TRY IT:
All of the data should be copied exactly, with the pictures left out.

Web page caption snippets:
_ _ _ _

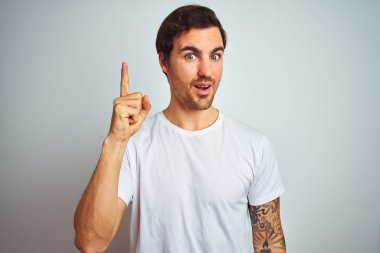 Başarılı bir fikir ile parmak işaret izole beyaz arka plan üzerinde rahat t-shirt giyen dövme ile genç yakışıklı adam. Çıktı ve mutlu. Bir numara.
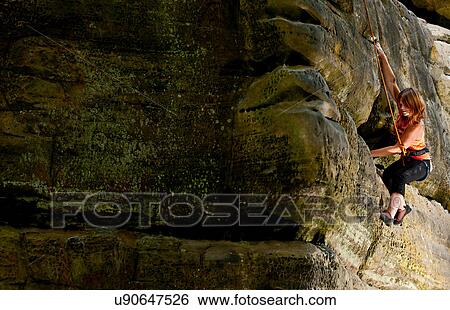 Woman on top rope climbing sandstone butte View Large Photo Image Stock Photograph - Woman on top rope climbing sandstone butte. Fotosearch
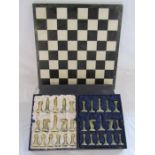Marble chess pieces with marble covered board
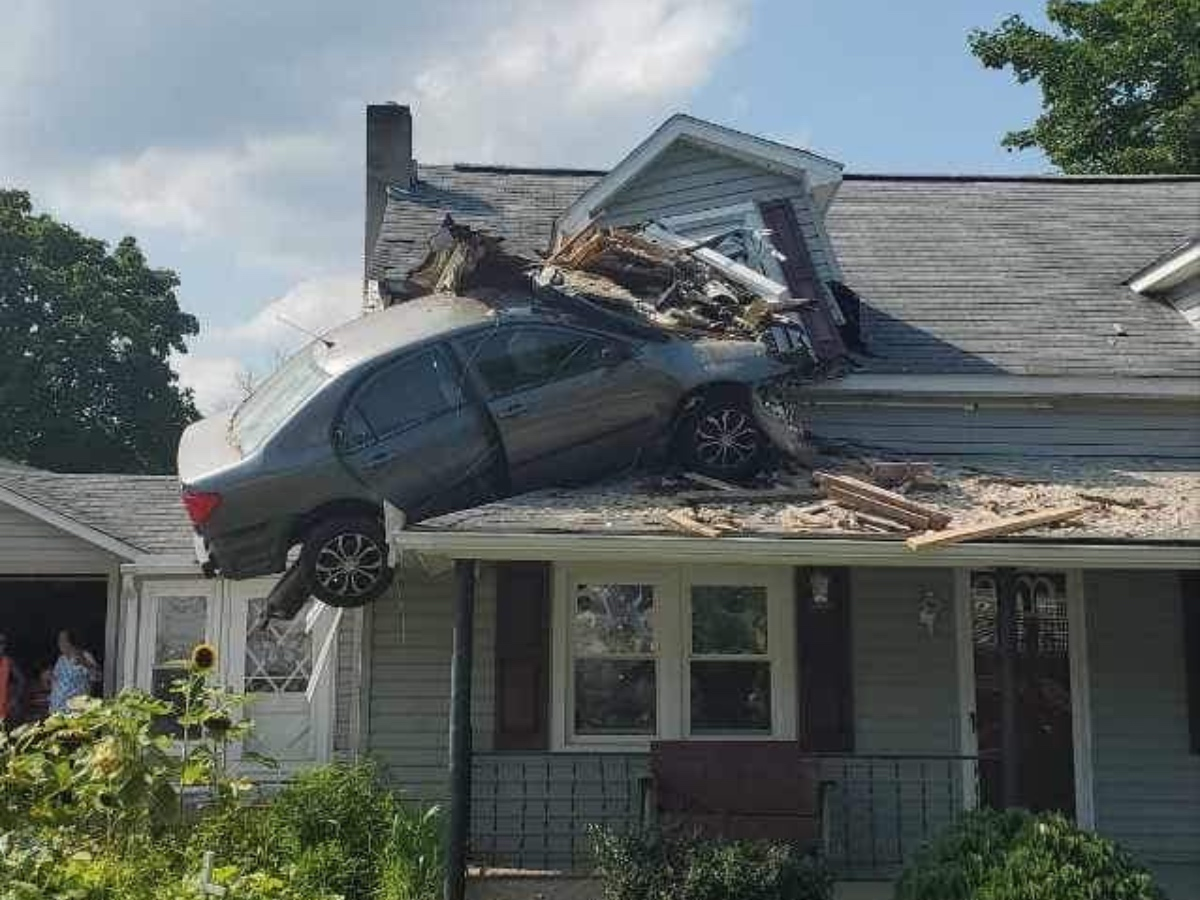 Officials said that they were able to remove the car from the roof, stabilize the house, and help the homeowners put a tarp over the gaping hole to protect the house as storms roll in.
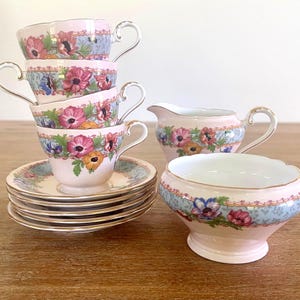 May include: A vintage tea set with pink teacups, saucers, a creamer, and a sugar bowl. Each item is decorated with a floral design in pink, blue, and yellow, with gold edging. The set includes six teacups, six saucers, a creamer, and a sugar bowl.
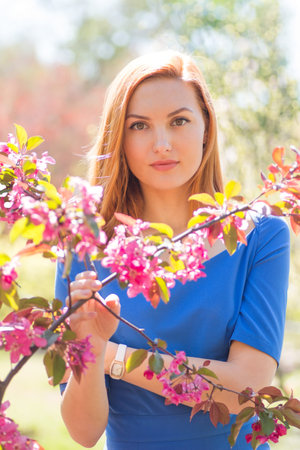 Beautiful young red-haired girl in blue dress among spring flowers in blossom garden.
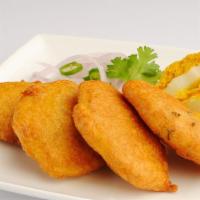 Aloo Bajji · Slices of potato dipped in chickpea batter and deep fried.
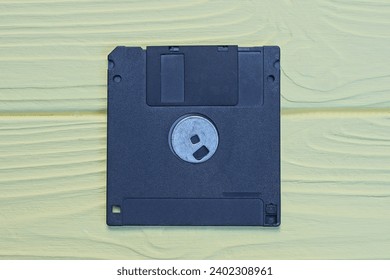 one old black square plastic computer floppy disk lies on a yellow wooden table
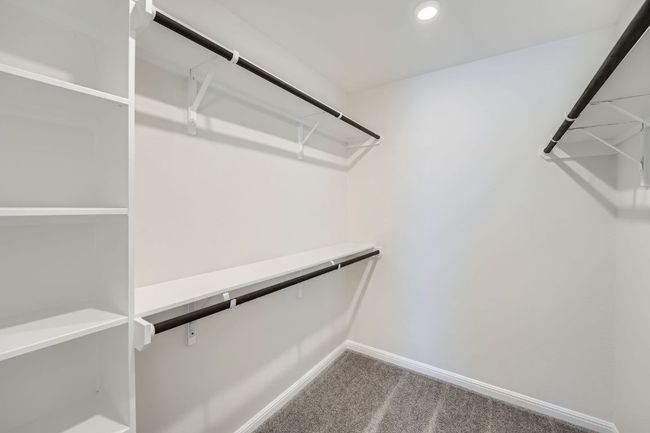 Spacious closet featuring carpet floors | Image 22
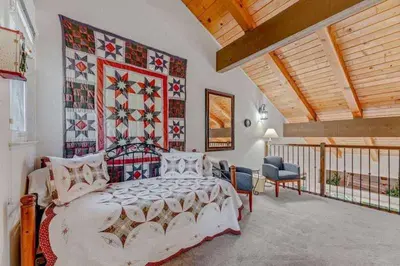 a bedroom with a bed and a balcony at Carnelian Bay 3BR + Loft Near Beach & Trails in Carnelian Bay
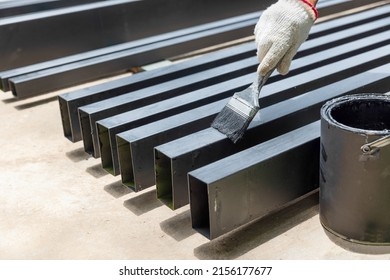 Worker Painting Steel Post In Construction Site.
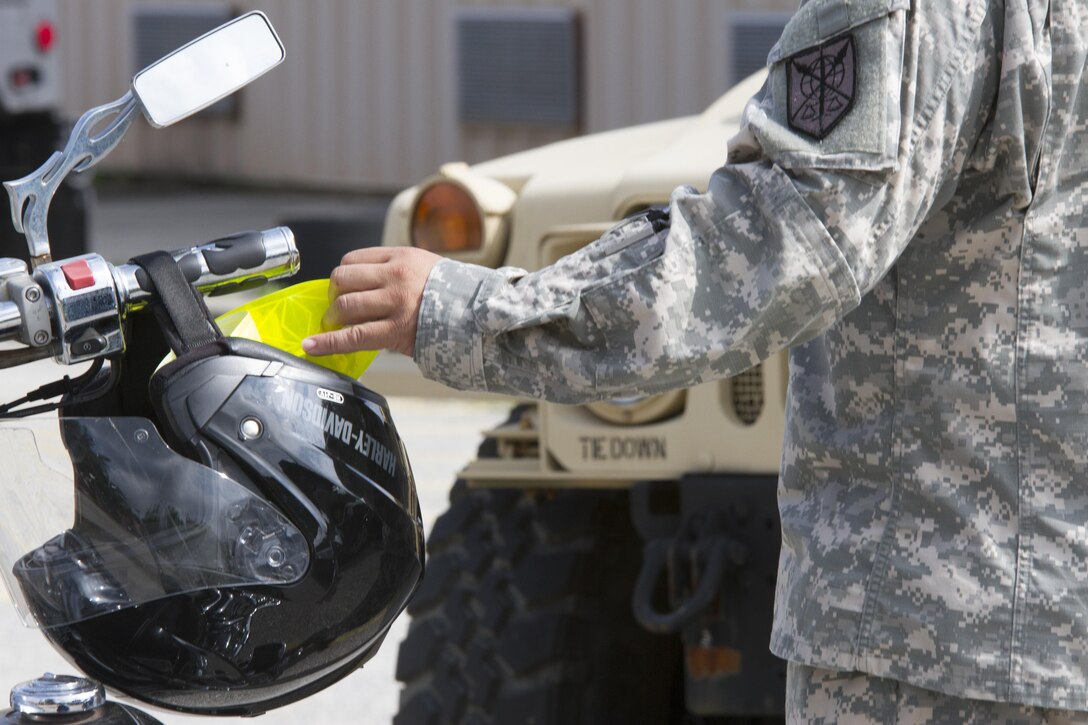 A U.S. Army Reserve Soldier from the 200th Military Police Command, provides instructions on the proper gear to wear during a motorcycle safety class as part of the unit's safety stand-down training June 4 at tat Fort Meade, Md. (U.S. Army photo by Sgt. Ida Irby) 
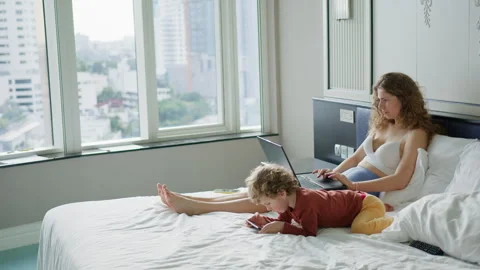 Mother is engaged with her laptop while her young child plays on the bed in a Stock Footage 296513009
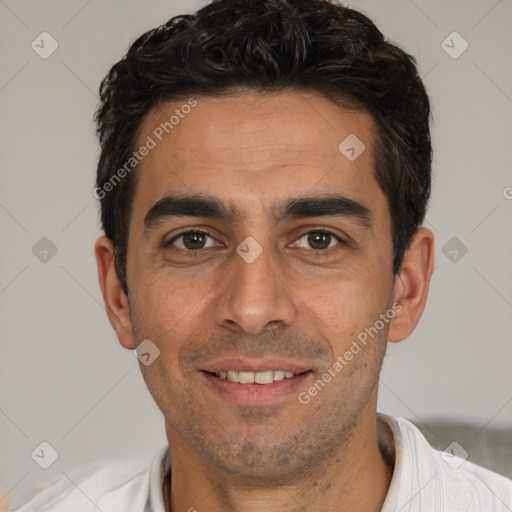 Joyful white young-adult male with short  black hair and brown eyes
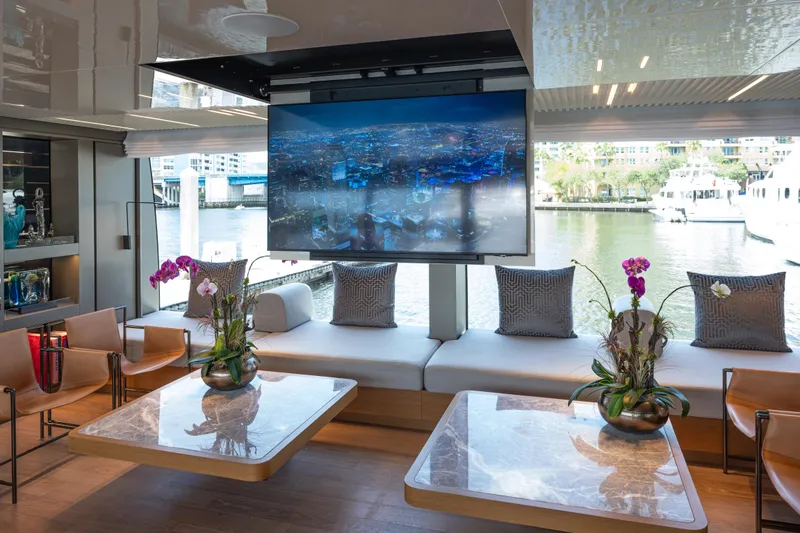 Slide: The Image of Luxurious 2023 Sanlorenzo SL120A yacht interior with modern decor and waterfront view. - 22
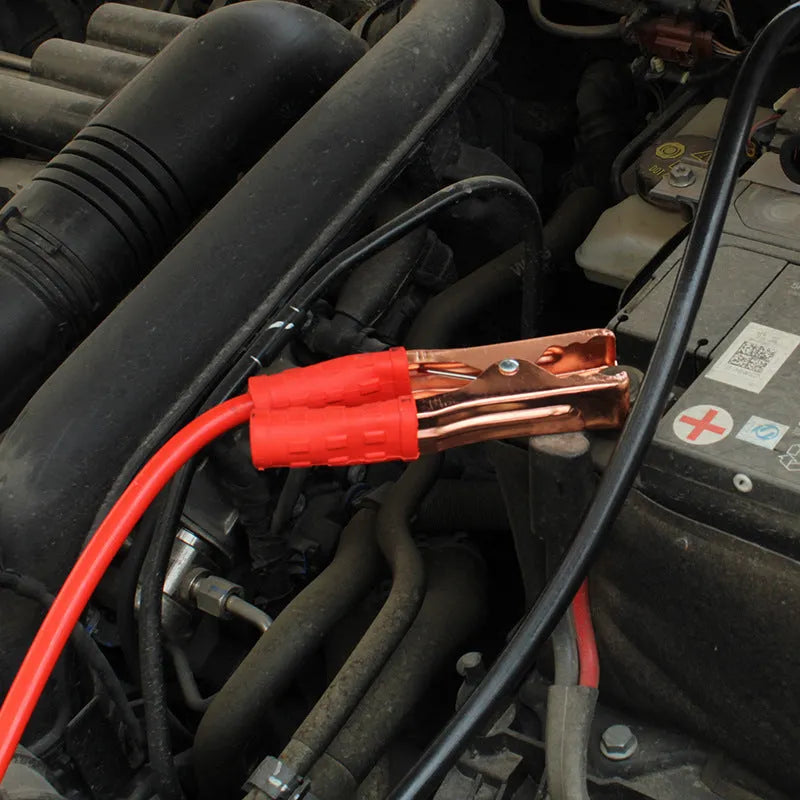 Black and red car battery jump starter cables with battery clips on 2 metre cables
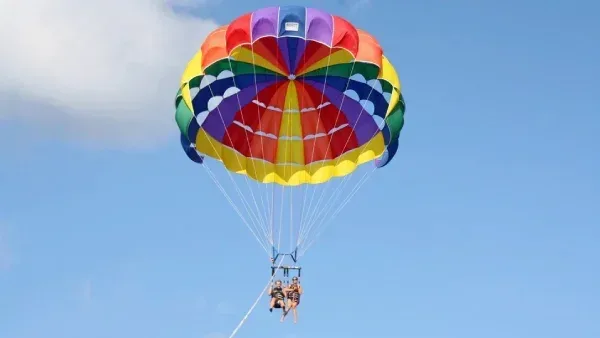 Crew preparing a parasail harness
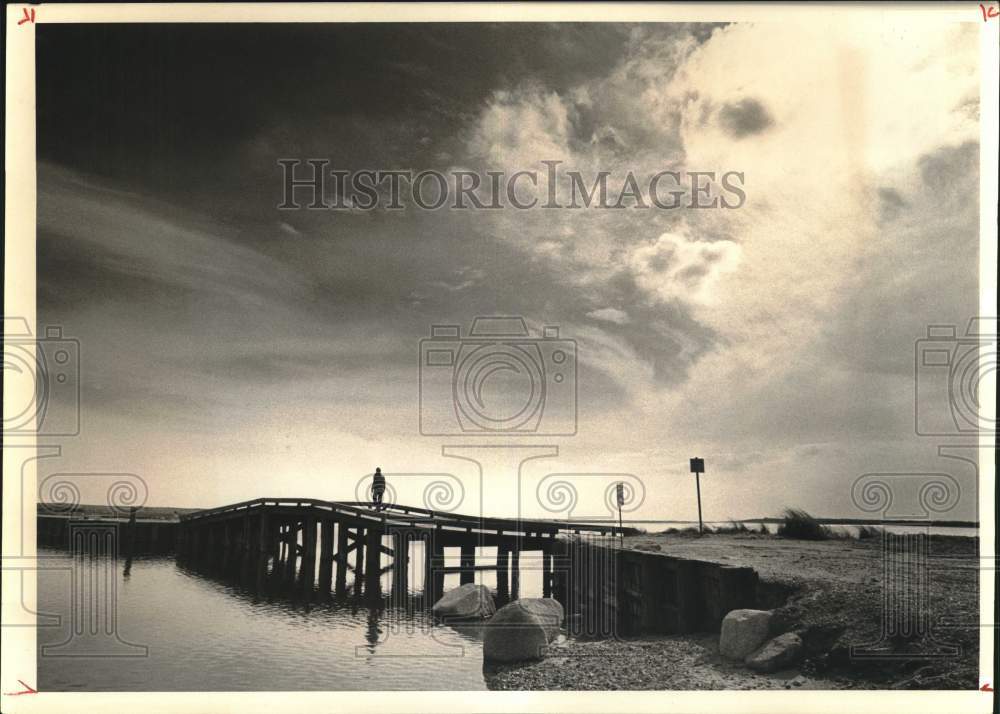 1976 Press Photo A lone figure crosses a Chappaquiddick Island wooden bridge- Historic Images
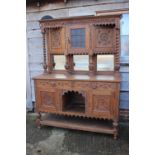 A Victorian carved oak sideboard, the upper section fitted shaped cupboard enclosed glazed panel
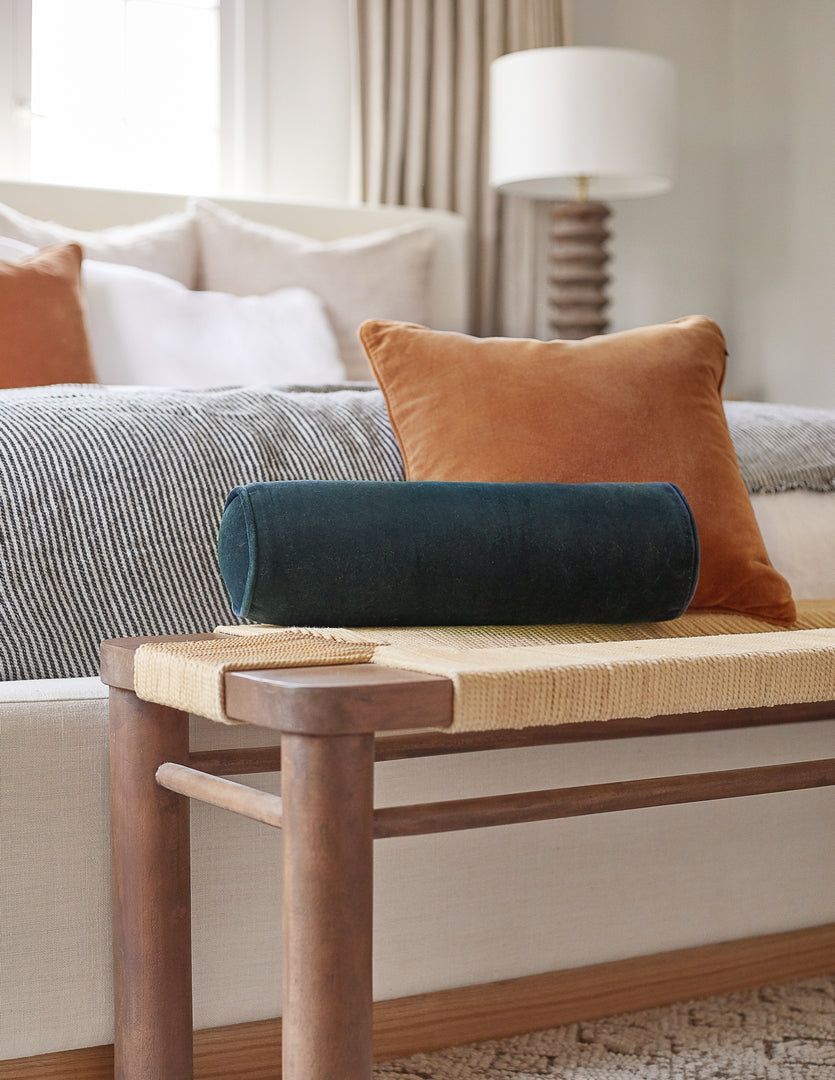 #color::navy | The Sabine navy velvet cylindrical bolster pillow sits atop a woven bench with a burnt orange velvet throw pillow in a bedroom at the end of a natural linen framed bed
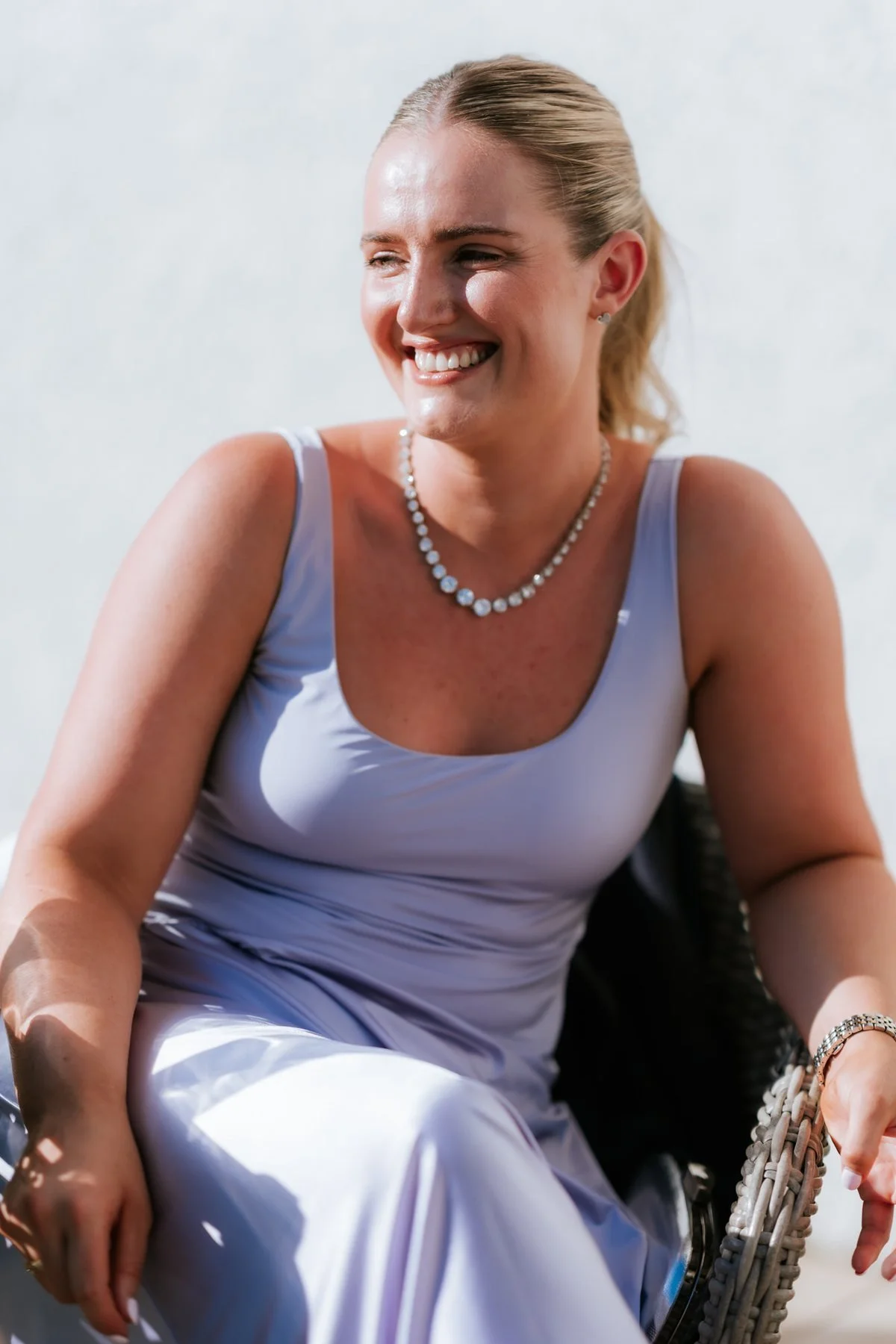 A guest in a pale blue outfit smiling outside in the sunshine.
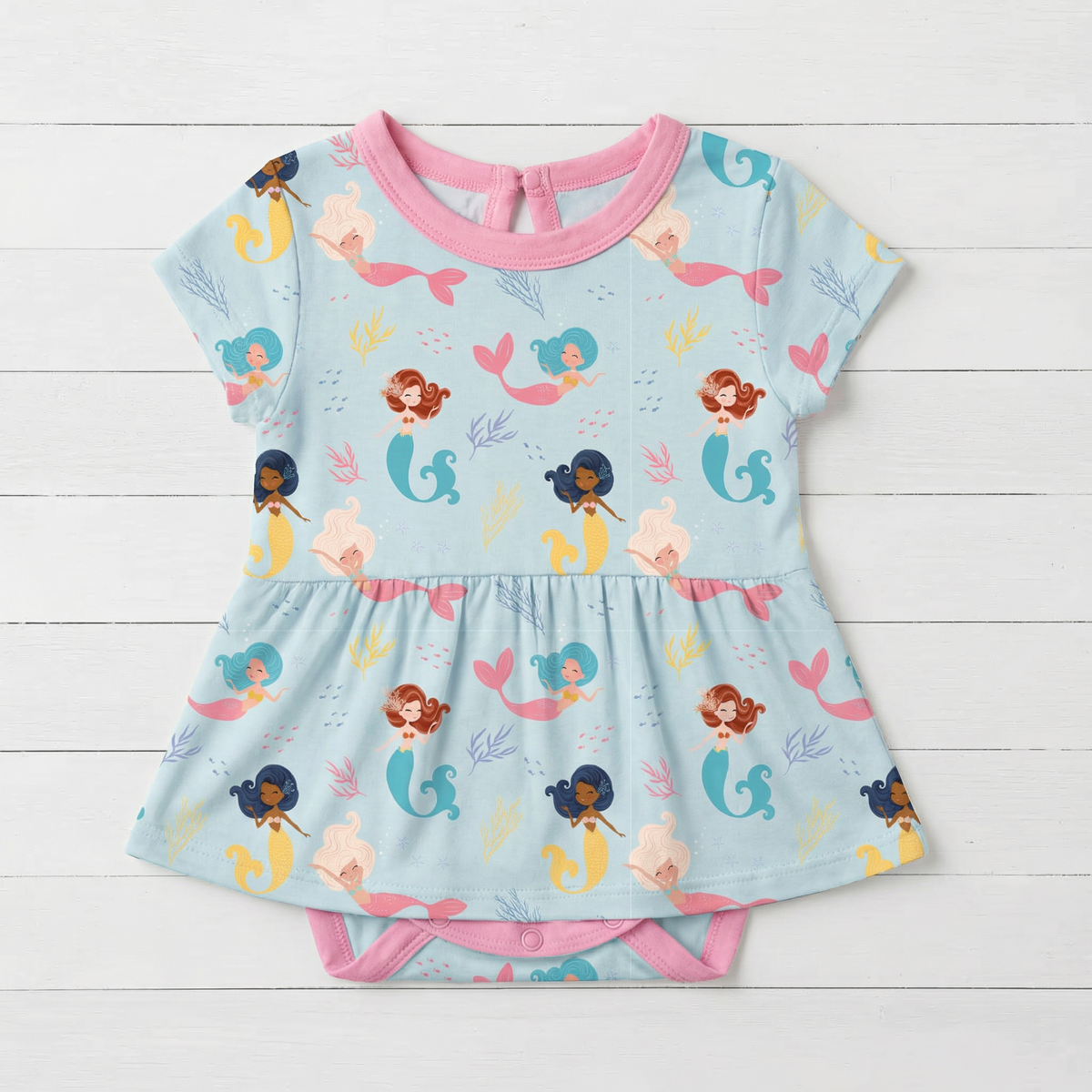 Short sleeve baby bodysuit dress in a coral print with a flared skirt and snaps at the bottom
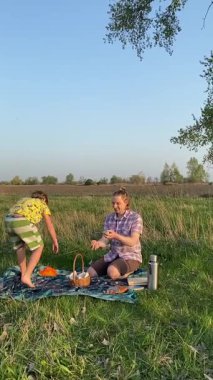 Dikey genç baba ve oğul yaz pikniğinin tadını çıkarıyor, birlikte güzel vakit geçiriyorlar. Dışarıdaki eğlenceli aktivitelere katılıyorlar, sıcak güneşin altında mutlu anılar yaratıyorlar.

_ _ _ _

TASK RESULT:
 Başarılı bir fikir ile parmak işaret izole beyaz arka plan üzerinde rahat t-shirt giyen dövme ile genç yakışıklı adam. Çıktı ve mutlu. Bir numara.
 Woman on top rope climbing sandstone butte View Large Photo Image Stock Photograph - Woman on top rope climbing sandstone butte. Fotosearch
Marble chess pieces with marble covered board
 Officials said that they were able to remove the car from the roof, stabilize the house, and help the homeowners put a tarp over the gaping hole to protect the house as storms roll in.
 May include: A vintage tea set with pink teacups, saucers, a creamer, and a sugar bowl. Each item is decorated with a floral design in pink, blue, and yellow, with gold edging. The set includes six teacups, six saucers, a creamer, and a sugar bowl.
 Beautiful young red-haired girl in blue dress among spring flowers in blossom garden.
 Aloo Bajji · Slices of potato dipped in chickpea batter and deep fried.
 one old black square plastic computer floppy disk lies on a yellow wooden table
 Spacious closet featuring carpet floors | Image 22
 a bedroom with a bed and a balcony at Carnelian Bay 3BR + Loft Near Beach & Trails in Carnelian Bay
 Worker Painting Steel Post In Construction Site.
 A U.S. Army Reserve Soldier from the 200th Military Police Command, provides instructions on the proper gear to wear during a motorcycle safety class as part of the unit's safety stand-down training June 4 at tat Fort Meade, Md. (U.S. Army photo by Sgt. Ida Irby) 
 Mother is engaged with her laptop while her young child plays on the bed in a Stock Footage 296513009
 Joyful white young-adult male with short  black hair and brown eyes
 Slide: The Image of Luxurious 2023 Sanlorenzo SL120A yacht interior with modern decor and waterfront view. - 22
 Black and red car battery jump starter cables with battery clips on 2 metre cables
 Crew preparing a parasail harness
 1976 Press Photo A lone figure crosses a Chappaquiddick Island wooden bridge- Historic Images
 A Victorian carved oak sideboard, the upper section fitted shaped cupboard enclosed glazed panel
 #color::navy | The Sabine navy velvet cylindrical bolster pillow sits atop a woven bench with a burnt orange velvet throw pillow in a bedroom at the end of a natural linen framed bed
 A guest in a pale blue outfit smiling outside in the sunshine.
 Short sleeve baby bodysuit dress in a coral print with a flared skirt and snaps at the bottom
 Dikey genç baba ve oğul yaz pikniğinin tadını çıkarıyor, birlikte güzel vakit geçiriyorlar. Dışarıdaki eğlenceli aktivitelere katılıyorlar, sıcak güneşin altında mutlu anılar yaratıyorlar.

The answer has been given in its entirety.